# Longnose Gar Fishing tips



## creekboyMIKE (Apr 18, 2017)

I wanted to start this thread to get some input from more experienced anglers, as I really just started getting into this great sport a couple years ago. While my buddy and I have caught a few gar in the past year since we discovered them, we are far from proficient at hooking them consistently. For every fish we landed there were 10 that hit hard and didn't set. I've been looking around online for some new rig types and tried a few with little luck. I would love to hear about (and see) what kind of rigs you guys n gals use to consistently land these beasts. 

As a starting point, we caught every one of the gar photographed below on floats about 18-24" deep with a live or cut bait, typically hooked the bait through the middle as we found that if we lipped the bait fish, the gar would just sever the bait in half and take the end. We typically just let the current take the float downstream in very light current, and they would smash it as it drifted towards the shallower slower moving water. Also, worth noting is that all of the gar we got last year were caught in June / July. 

So far this year I've been trying the same technique, and gotten a handful of gar takes, but none set. I've also added a frayed rope about 5-6" long to the top of the hook with live bait below hoping that the teeth will get stuck in the rope as I've seen on other forums / youtube. This technique seems to work better in theory than in reality.

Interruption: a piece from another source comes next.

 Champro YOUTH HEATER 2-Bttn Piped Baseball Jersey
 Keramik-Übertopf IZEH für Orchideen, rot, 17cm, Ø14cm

Do you run small or large hooks? Trebles?
Rope or shoestrings?
Jig or let it drift? Add a spinner?

Any suggestions / photos of your gar rigs would be much appreciated.

Good luck!


----------



## chris1162 (Mar 12, 2008)

Try using different types of rope? We have had good success using paracord.


----------



## Salmonid (Apr 14, 2004)

Actually the cotton rope is best, I guided for them for years in SW Ohio all with a flyrod and the rope fly, hookup ratios are more like 2/3, Ive landed several in the 46-48" range and over 8 lbs, true trophys! love the fight and aerobatics and last second runs, all tackle testers...LOL


----------



## 9Left (Jun 23, 2012)

nice gar... are ya afraid somebody might know you? lol


----------



## Ant (Mar 27, 2013)

My friend used to have good luck with a large hook and a blue gill fillet.Cast past them and keep it on top of the water moving in front of them.Had a pretty good hook set rate.


----------



## Stampede (Apr 11, 2004)

My boss was just asking if there are any lakes good for gar or spots on the ohio river. Anyone know of places.


----------



## creekboyMIKE (Apr 18, 2017)

9Left said:


> nice gar... are ya afraid somebody might know you? lol


I can't have my clients seeing me in my "Creekboy" mode haha. Some of the photos are of my buddy holding the fish, so I figured I'd be consistent and block all the faces.


----------



## creekboyMIKE (Apr 18, 2017)

Stampede said:


> My boss was just asking if there are any lakes good for gar or spots on the ohio river. Anyone know of places.


All the gar I've caught have been on the Ohio or tributaries.


----------



## creekboyMIKE (Apr 18, 2017)

Salmonid said:


> Actually the cotton rope is best, I guided for them for years in SW Ohio all with a flyrod and the rope fly, hookup ratios are more like 2/3, Ive landed several in the 46-48" range and over 8 lbs, true trophys! love the fight and aerobatics and last second runs, all tackle testers...LOL


I'll try the cotton rope, and let you know how it goes. Thanks for the tip! Do you typically jig with a lure or let it float with live bait?


----------



## Salmonid (Apr 14, 2004)

We always sight fished them. Cast no more then about 18" in front of them. Once they follow they will sink behind it and then youll feel the extra weight on the rig. Its on from there. Youll need a good leather glove and long nose pliers to unhook them.


----------



## Salmonid (Apr 14, 2004)

Pete. Look for mud bottomed slow water. They will be there. Lol. The lower gmr and lmr are loaded with them through the summer


----------



## creekboyMIKE (Apr 18, 2017)

Salmonid said:


> We always sight fished them. Cast no more then about 18" in front of them. Once they follow they will sink behind it and then youll feel the extra weight on the rig. Its on from there. Youll need a good leather glove and long nose pliers to unhook them.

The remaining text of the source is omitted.